EXPERTS WARN OF DANGER OF TEENS’ ‘FRIEND’ APP

A quick tour of the app uncovered scores of pictures of girls as young as 13 posing suggestively in bikinis and bras, and boys wearing undies and little else.

A “friend” app for teens follows the same format as Tinder, where you swipe left or right on a person’s picture to indicate whether you like them.
Child psychologist Dr Michael Carr-Gregg said the app is “stupid” and poses dangers.

Some posed unashamedly in their school uniform, or listed their school and suburb in their bio.

On the iTunes app store, Spotafriend, and other apps like it, carry warnings for “intense mature/suggestive themes, sexual content, nudity, alcohol, tobacco, or drug-use references”.

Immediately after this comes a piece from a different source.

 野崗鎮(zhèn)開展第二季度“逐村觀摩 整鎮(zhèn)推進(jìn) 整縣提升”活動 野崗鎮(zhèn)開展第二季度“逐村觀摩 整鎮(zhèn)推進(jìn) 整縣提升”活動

I spent no more than two minutes at a time flicking through the app and the whole experience left me feeling pretty sick to my stomach.

Several young boys with profiles declaring they were “too young for Tinder so I’m here instead” called me “sexy” and “baby”, and asked me to Snapchat them.

Prominent child psychologist Michael Carr-Gregg told me I was “so brave” for chasing this story.

“If we can alert mums and dads to the existence of this stupid app and to the dangers, then I think we’re doing good work,” Dr Carr-Gregg said.

I don’t feel brave or noble. I feel sad and perplexed. And I couldn’t delete the app soon enough.